Two years ago we hosted the wedding celebration of some dear friends. The idea of a September garden wedding started in June so we had plenty of time to prepare. The bride and groom wanted to have a small wedding with the ceremony and reception outdoors. We would provide the lawn and garden for the event and they were going to hire a bluegrass band for listening and dancing, and a caterer to serve southern barbeque. What a fun wedding!
The bride and groom would enter the garden through a gate covered with jasmine.
They would walk down the allee together as the band played.
The minister would be waiting at the gazebo where the bride and groom would exchange vows.

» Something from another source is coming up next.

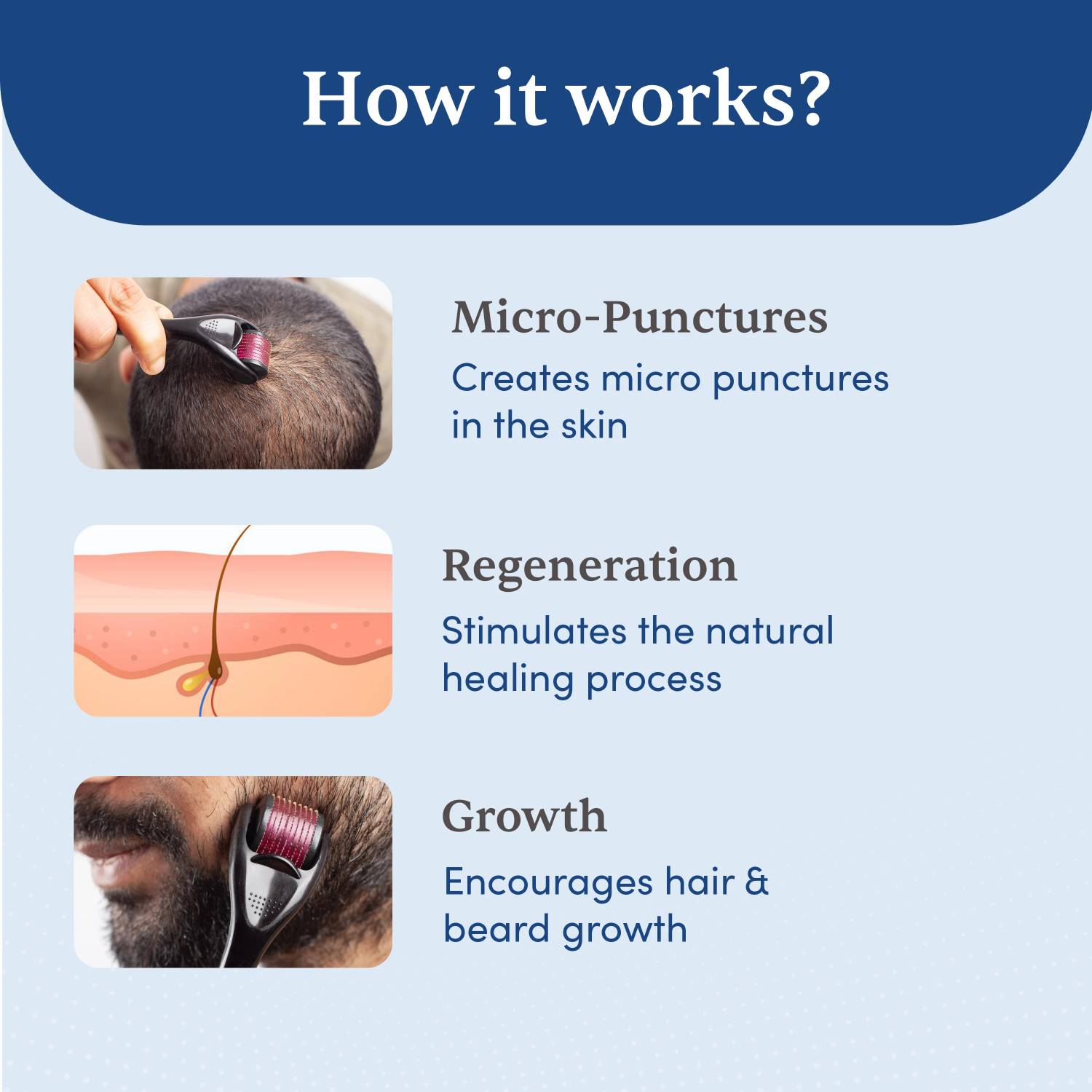 Man Matters Derma Roller 540 Micro 0.5mm Titanium Needle - Image 4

Guests would be on the surrounding lawn either standing or sitting at tables provided by the caterer.
As the guest list and acceptances grew we decided to extend the reception area into the adjacent pool garden.
The band would be on the patio so that it had access to power and be near the great room where guests could dance.

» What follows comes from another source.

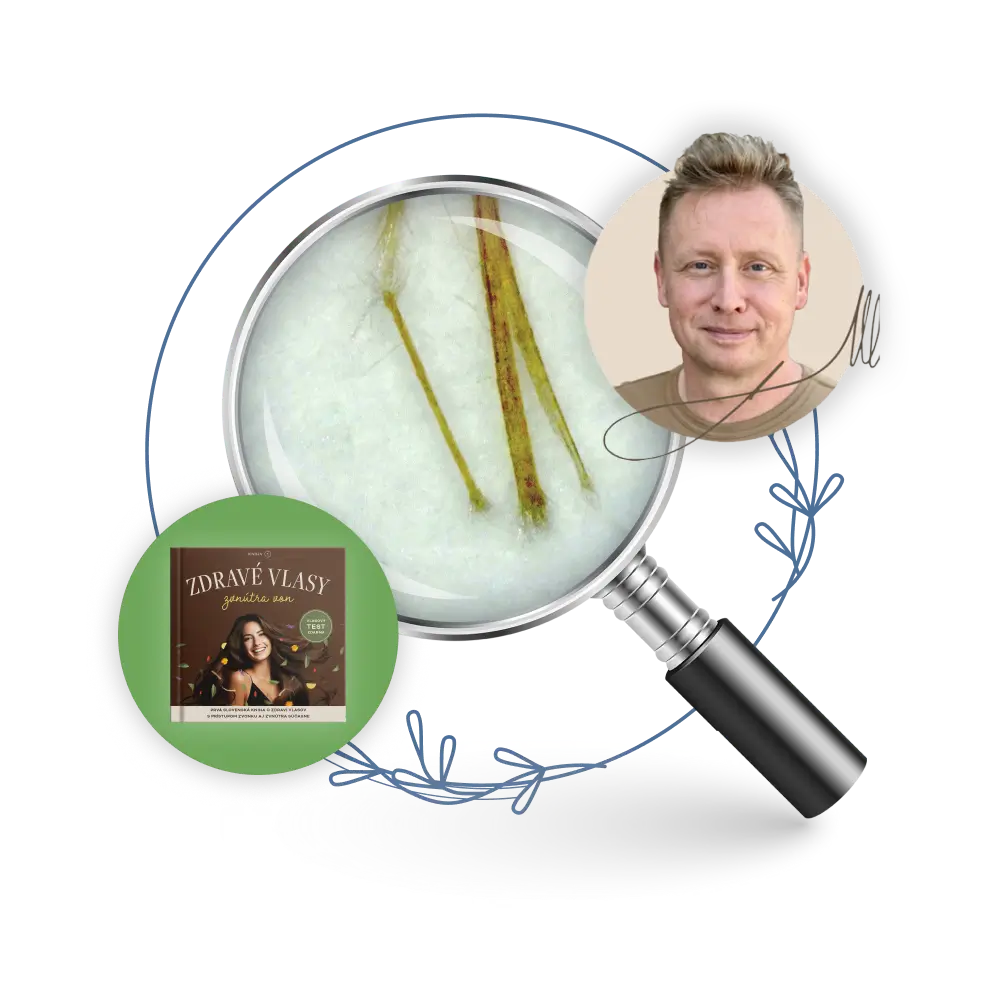 TRICHOLOGICKÁ ANALÝZA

The driveway would be the staging area and garbage repository.
Our job was to make sure that the lawn and gardens looked beautiful and provide An appropriate setting for this great event. Guests would have free run of the gardens so we had to make sure that flowers were blooming everywhere. We didn’t want it to look like a Hollywood movie set, but rather a real garden in central North Carolina, the home of the bride, groom, and most of their friends and family.
The garden was only in its second year in 2008 so the trees and shrubs were young and many were spindly. The best thing we could do is emphasize the positive and hope that the eye would go to the pretty aspects of the garden and not see the works in progress. The roses were especially challenging since I have many different kinds, each with their own rebloom cycle. Eight to 6 weeks before the wedding I did a major cut back of all the roses hoping that in the ensuing weeks everything would regrow and be in bloom for the great event. I also fertilized them with a high phorsphorus fertilizer to stimulate bud and flower formation and topped it off with a special rose elixir made from alfalfa that is supposed to help the microbes in the soil benefit the roses. Most of the roses cooperated to some degree and produced flowers that provided color and fragrance.

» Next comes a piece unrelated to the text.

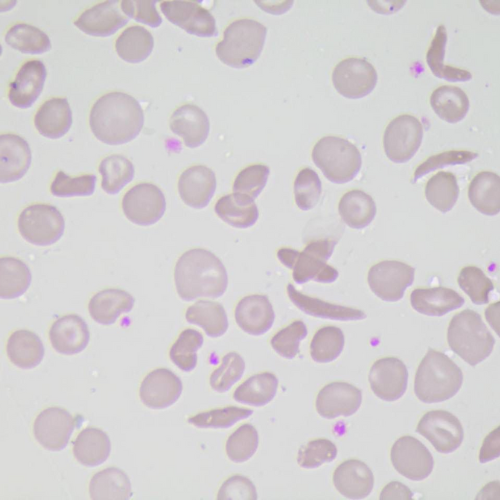 Hemácias em foice e hemácias cruzadas | Banco de imagens hematologia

Some roses were much more cooperative than others. Since that summer I have learned more about cycles of rebloom; in general roses with few petals rebloom more quickly than those with many petals. Makes sense, but I didn’t know that at the time. There are exceptions to the rule, of course, and I have several, so in the end cutting back at 6 weeks is fairly successful.
The small walled garden attached to the house welcomed guests with a small seating area.
The garden is planted with small trees, shrubs, annuals and perennials with some garden ornaments placed here and there to provide scale and interest.
The formal garden had a ratty looking shrub hedge around it and many perennials, but I began early in May planting an abundance of annuals especially in the front of the beds.
About 6 weeks before the weeding I cut back many of the annuals such as petunias, ageratum, salvia and gomphrena that I knew would regrow and rebloom, and gave them a shot of high phosphorus bloom booster.
The red salvia came back like gang busters and provided a lot of color.
Other annuals like portulaca, celosia and marigolds were left alone as they looked pretty good and did not seem to need refreshing.
The petunias in the centrally located large pot rebloomed but not quite as much as I had planned and did not spill over the rim as I had hoped.
The perennials, Sedum ‘Autumn Joy’, and the maidenhair grass came through like champs.
The black fountain grass, ‘Moudry’, was blooming like a champ and the foxtail like blooms shimmered with the fine rain that fell throughout the wedding.
Yes, the sad truth is the weather turned ugly and only a few brave souls went out into the garden in the rain. Three days before we had terrible winds and the caterers could not even put up tents so all 165 guests left their umbrellas outside and crammed into the house.
The celebration went on with the minister, band, and caterer doing their part inside and everyone seemed to have a good time, especially the bride and groom.
Epilogue: You would think that I would learn and not do this all over again but I didn’t learn and I did plan another event and worked for months to make the garden suitable. You guessed it, it rained and virtually no one went out into the garden. Can you believe, now 2 years later, I have already agreed to a third try at this?